I grew up in the small town of Pembroke, Ontario. In it's heyday there were approximately 15,000 people in this bustling metropolis. Needless to say there weren't a lot of opportunities to be a ballerina! I day dreamed a lot of moving to the big city. At 12 years of age I made my first foray into Toronto with my dad. It was love at first sight. So many people. So many big buildings. So much going on everywhere...all the time. Every year thereafter I would make my annual pilgrimage until at the cusp of my 17th birthday I called my parents on one of my visits and told them that I thought I was staying. Remarkably they handled it well and even commented that since it had been gone over three weeks already, they were kind of getting that impression.
When about two weeks later my much imposed upon uncle told me that he had invited me down for a visit and not to live with him, I tearfully called upon my parents who immediately loaded up a trailer full of supplies & goodies and drove to Toronto to help me move into my first home...a room in a very funky old rooming house on Madison Avenue. And there after began my long great adventure that I am still on today.
Along the way I dabbled in acting...in theatre...in dance...in writing...in filmmaking. For a while I even published an up-and-coming arts magazine.
And then, one day, I stopped and took an assessment of my life. I was 34 and broke and in yet another 'arts' job that was unfulfilling and poor paying. I worked 12-hour days and got screamed at all day long. Nothing was ever good enough. Nothing was ever appreciated. Nothing was ever going to make me happy...let alone my bosses.

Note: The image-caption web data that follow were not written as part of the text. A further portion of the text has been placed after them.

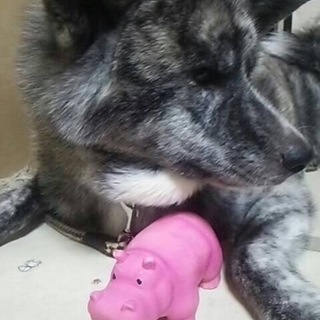 秋田犬  ♀  虎柄  3歳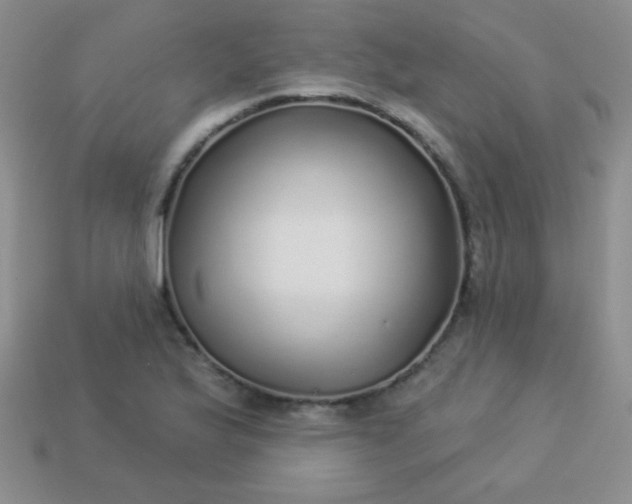 X0000113961175200910091623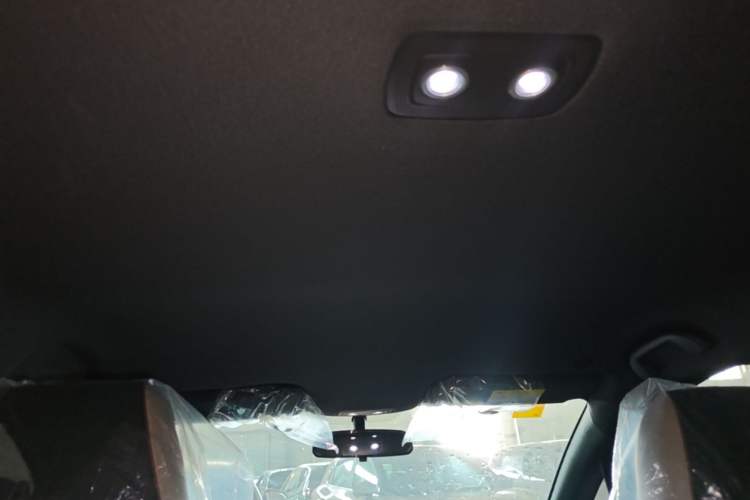 Used BYD Dolphin 2025 420km Free Edition Headliner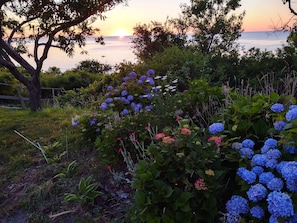 Garden by the beach stairs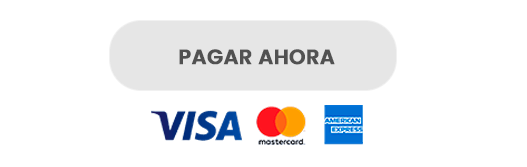 Ir al pago
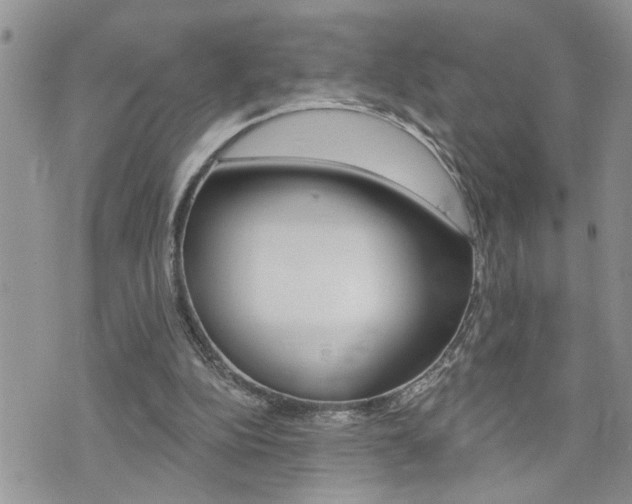 X0000076300152200609290738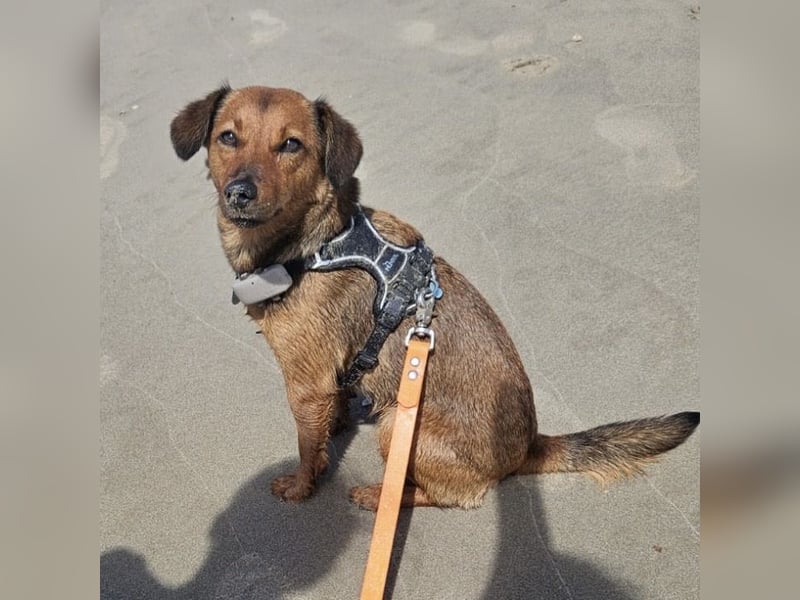 Ebby braucht ein neues Zuhause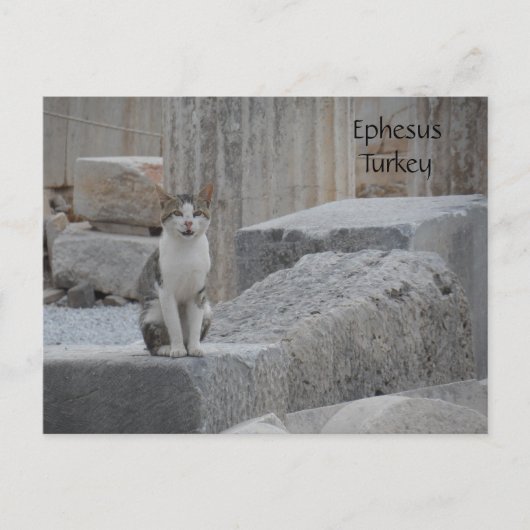 Ephesus Cat Briefkaart (Voorkant)
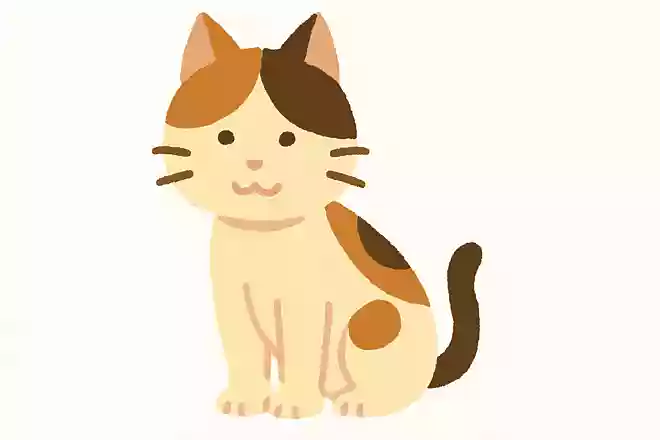 ミケリス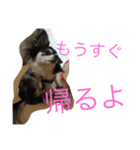 チワワのさーくん（個別スタンプ：10）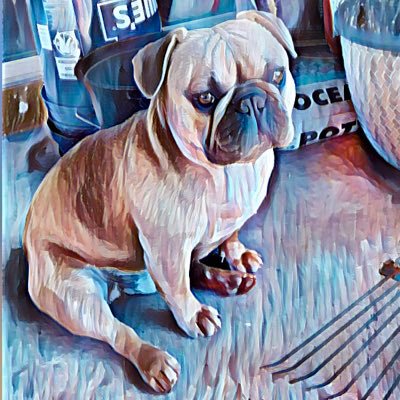 I’m a frenchie not a pug show me some love--Feeling generous? PayPal @bigbabybrutus Donations are much appreciated, money will go into streaming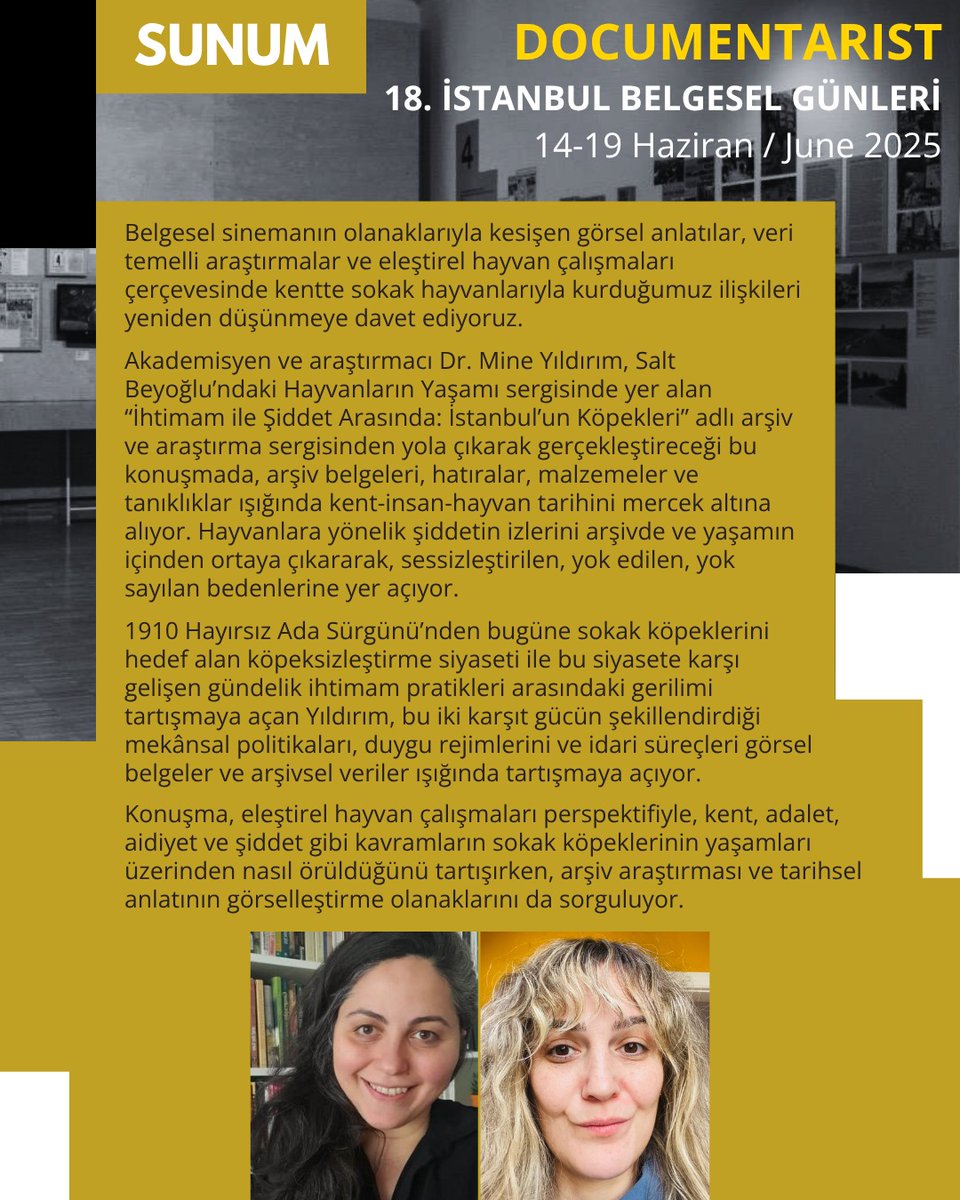Kaybolan Yaşamlar, Kalan Kayıtlar: İstanbul’un Köpekleri Arşiv Sergisi Üzerine

Belgeselin imkanlarıyla kesişen görsel anlatılar, veri temelli araştırmalar ve eleştirel hayvan çalışmaları kapsamında kentte sokak hayvanlarıyla kurduğumuz ilişkileri yeniden düşünmeye davet ediyoruz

And I asked myself: WHY? WHY AM I DOING THIS?
After a particularly brutal trouncing by my vicious talentless boss at this sleazy film company (which shall remain nameless...because they changed their name every year anyway...if you know what I mean) I fax blasted out resumes and got several job offers. The one I ultimately settled on was working with one of the top real estate agents in the country. It was an odd choice, but I had had a couple of stints working for some friends in real estate and something about the field had always held some appeal. After several interviews, I started my 'part-time' job and nine and a half years later I'm still there. I am now a successful real estate agent selling homes all over this great and exciting city...including on Madison Avenue. My clients come from all walks of life: working class people to CEOs and bank presidents....even a few movie stars and other celebrities. Along the way I have also revived my own dreams:
- I am acting in and producing films...mostly short to date...with aspirations to something longer;
- I travel annually to the Sundance film festival and for the last three years I have been a patron of the Toronto international film festival;
I do feel that somehow my mother's love and passion - especially her love of film - has found a home in me and that somewhere she is smiling down proud of what I've become. Just yesterday I got an email from my wonderful, generous father wherein he referred to me as "My dearly beloved son in whom I am well pleased!" Perforce revealing his poetic heart.
And although I never became a ballerina, I feel like I have made a beautiful and rich life.